(WORK ITEM): Starting at the line that contains "Los pasajeros del" and ending at the line that contains "52 Lyndon Road", the lines below are to be given again exactly, with nothing added.

(DATASET CONTENT):
*** Begin section ***

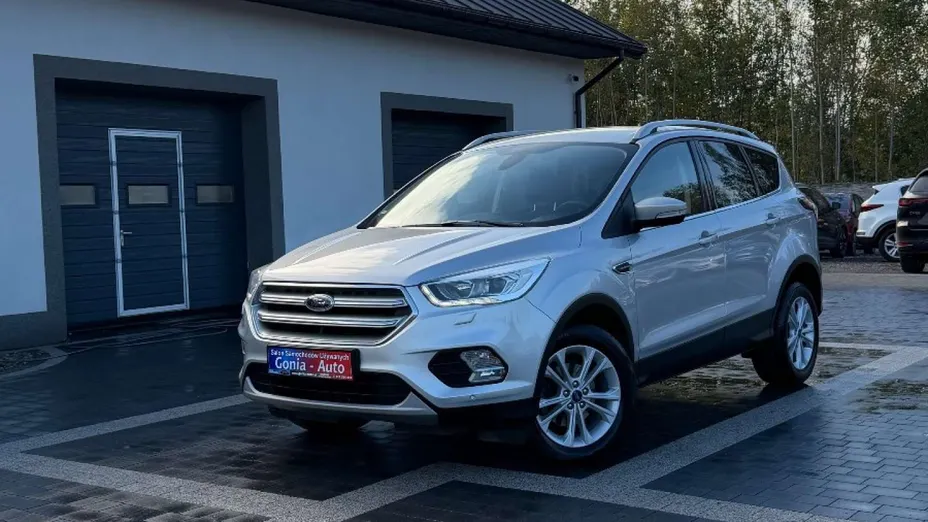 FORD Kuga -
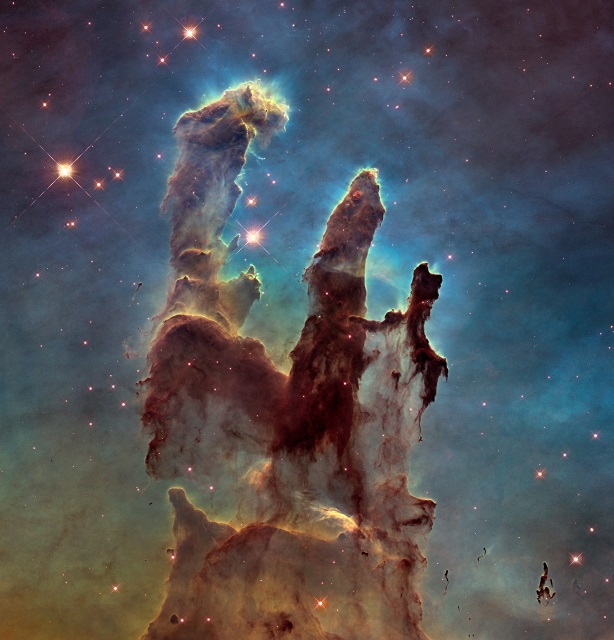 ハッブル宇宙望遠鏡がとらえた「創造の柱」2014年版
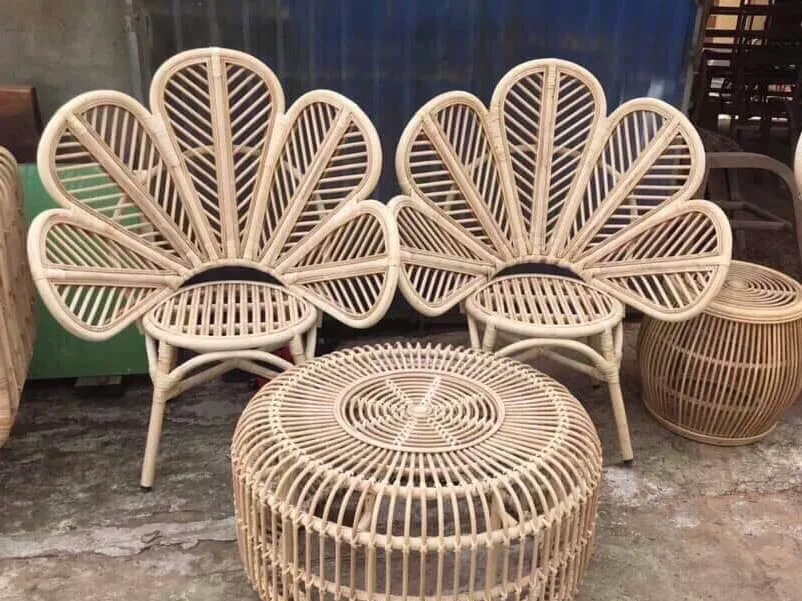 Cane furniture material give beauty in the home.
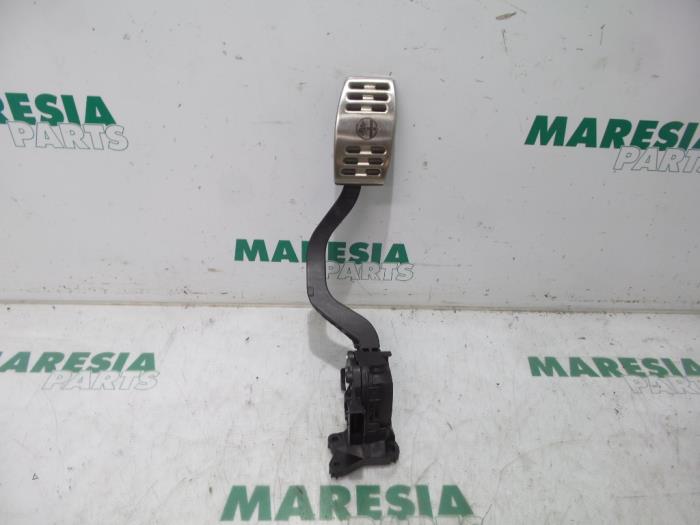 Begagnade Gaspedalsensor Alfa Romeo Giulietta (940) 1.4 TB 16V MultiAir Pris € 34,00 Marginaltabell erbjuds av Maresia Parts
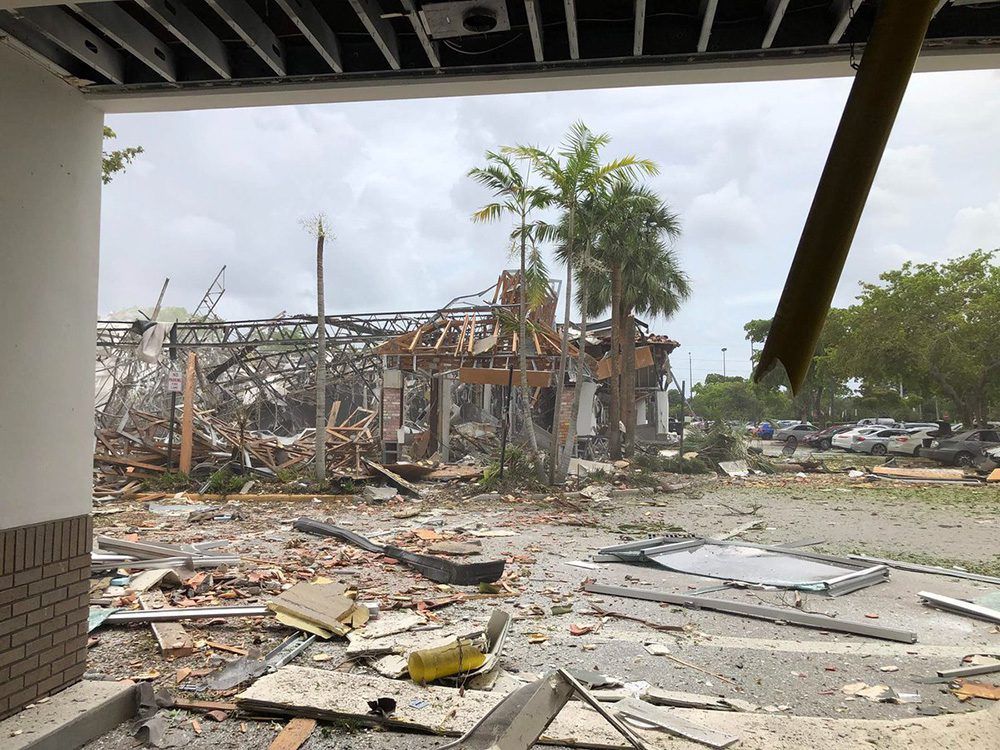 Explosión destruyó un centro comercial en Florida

*** End section ***
*** Begin section ***

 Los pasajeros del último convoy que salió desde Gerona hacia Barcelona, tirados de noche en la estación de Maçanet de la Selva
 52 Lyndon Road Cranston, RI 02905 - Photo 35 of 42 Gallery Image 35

*** End section ***

(EXPECTED ANSWER):
 Los pasajeros del último convoy que salió desde Gerona hacia Barcelona, tirados de noche en la estación de Maçanet de la Selva
 52 Lyndon Road Cranston, RI 02905 - Photo 35 of 42 Gallery Image 35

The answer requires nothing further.